External mediators – Martti Ahtisaari’s initiative backed by the EU in Aceh, and the Norwegian government in Sri Lanka – offered their good offices to facilitate negotiations. Both conflicts had lasted for decades, and killed and wounded tens of thousands, mostly civilians. All sides had committed human rights violations, and attempts to settle the conflict had failed.
For all those similarities, Aceh seems to have achieved the peace agreement that still eludes Sri Lanka. Why?
One explanation lies in the disaster itself: Aceh was the worst hit of all regions
affected, the death toll in Indonesia being more than twice as high as in Sri Lanka.
Another explanation lies in the way in which governments and rebel leaders responded. The Indonesian government and Free Aceh Movement quickly used the opportunity created by international attention, aid and a new sense of priorities and began negotiating in earnest.

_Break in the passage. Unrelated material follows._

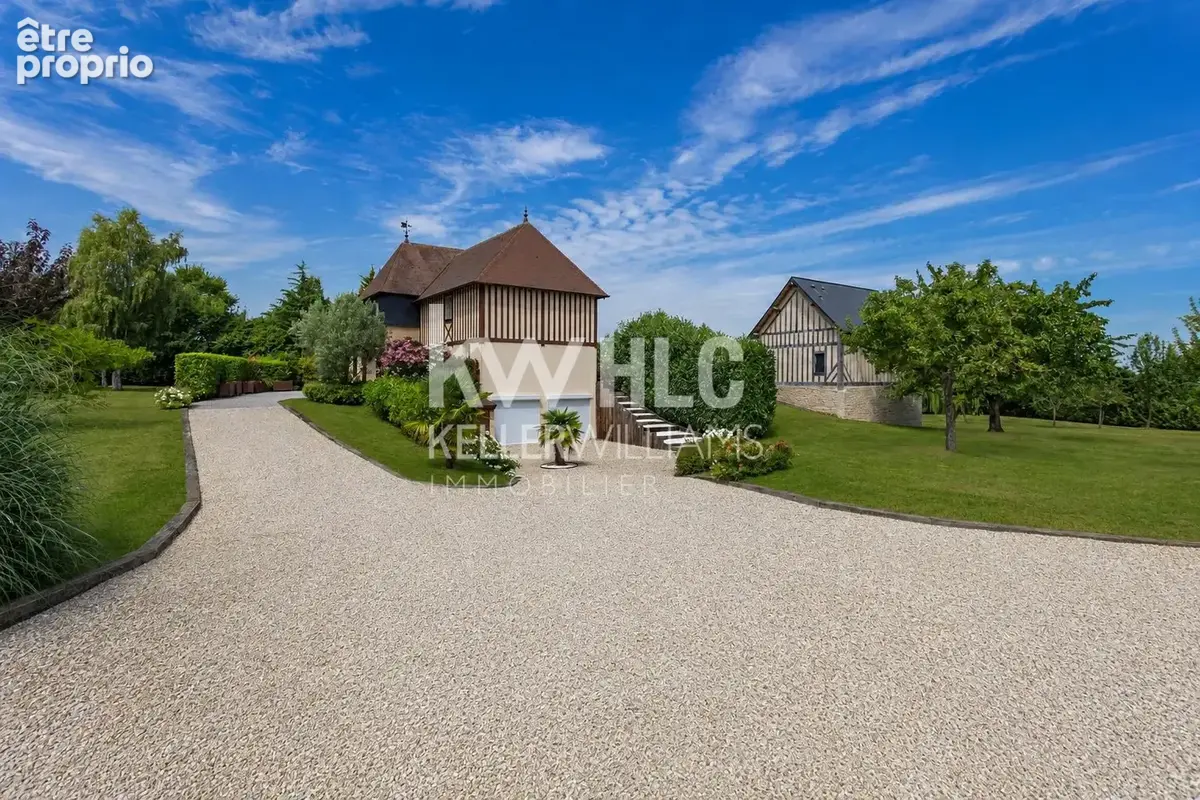 Maison 7 pièces 384 m² à vendre à Cricqueboeuf (14113) - photo 3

In Sri Lanka, it took several weeks before the two sides even could agree on how aid was to be distributed.
In addition, in Sri Lanka the Tamil Tigers were split and one of their senior commanders had broken away from the movement. The president of Sri Lanka, only a month before the tsunami struck, had won an election showdown with her more compromise-willing prime minister after a public disagreement over where the peace process should go.
In Indonesia, meanwhile, Susilo Bambang Yudhoyono, a retired general, had won the presidential elections in September 2004. The day after the disaster, the exgeneral, who has by no means an unblemished record in terms of respect for human rights, ordered the Indonesian security forces to halt all offensive operations against insurgents in Aceh and to focus on humanitarian operations in the province. Eventually, the Free Aceh Movement followed suit.
Two conclusions can be drawn. International assistance is vital for peace agreements, but ultimately local leaders need to negotiate them. In Indonesia, government and former rebel leaders have proved worthy of international support – without it, chances of lasting peace would be unfairly diminished.